Review of Fighting Words:
TRIGGER WARNING for sexual abuse and attempted suicide. (I'm sure that doesn't make you want to keep reading, but trust me—it'll be worth it. Unless these things are actually triggers for you, in which case, of course skip this post.)
Fighting Words, besides being recommended by many book bloggers recently (such as Patricia Tilton, who wrote an excellent review of it over at Children's Books Heal), is a Newbery Honor book as of this past January! This award, combined with the countless recommendations of this book, managed me to get it read in a timely fashion. (Basically, if I read it within a year of everyone else, it's timely for me.) Fighting Words is the latest book from well-known MG author Kimberly Brubaker Bradley, who has been writing for 24 years and is probably best known for another Newbery Honor book, The War That Saved My Life. Whatever this book had been, it would have been a big deal, but after having read it, I can say that this book is revolutionary. Allow me to explain—right after this publisher's description, which I'm sharing instead of my own summary because it's way better than what I could come up with.
Ten-year-old Della has always had her older sister, Suki: When their mom went to prison, Della had Suki. When their mom's boyfriend took them in, Della had Suki. When that same boyfriend did something so awful they had to run fast, Della had Suki. Suki is Della's own wolf—her protector. But who has been protecting Suki? Della might get told off for swearing at school, but she has always known how to keep quiet where it counts. Then Suki tries to kill herself, and Della's world turns so far upside down, it feels like it's shaking her by the ankles. Maybe she's been quiet about the wrong things. Maybe it's time to be loud.

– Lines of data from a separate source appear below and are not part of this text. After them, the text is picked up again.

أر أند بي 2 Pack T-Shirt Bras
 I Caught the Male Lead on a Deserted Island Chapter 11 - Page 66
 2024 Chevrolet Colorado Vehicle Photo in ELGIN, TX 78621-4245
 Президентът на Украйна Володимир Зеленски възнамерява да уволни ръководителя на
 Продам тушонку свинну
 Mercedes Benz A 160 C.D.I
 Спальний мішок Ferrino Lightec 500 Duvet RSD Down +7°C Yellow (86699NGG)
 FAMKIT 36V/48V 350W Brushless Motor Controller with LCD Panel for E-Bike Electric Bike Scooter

In this powerful novel that explodes the stigma around child sexual abuse and leavens an intense tale with compassion and humor, Kimberly Brubaker Bradley tells a story about two sisters, linked by love and trauma, who must find their own voices before they can find their way back to each other.
I already know exactly what you're thinking. "Sounds important. And depressing. No thanks." That is a natural response—I certainly had it, reading reviews of this book. But here's the thing. Kimberly Brubaker Bradley is far from the first MG author to decide to write a depressing realistic-fiction MG book. Walk Two Moons
, Counting Thyme
, Love, Aubrey
, the list goes on...and on...and on...and on...and, well, you get the point. I mean, there's so many of these books that the Newbery Medal is given out every year
! So Fighting Words
doesn't sound terribly original—in fact, it sounds just like yet another MG book afflicted with the same flaws as every other realistic MG book. And yet Fighting Words
is original. Not just original, but as I said earlier, revolutionary, especially in the world of MG books. Why? How?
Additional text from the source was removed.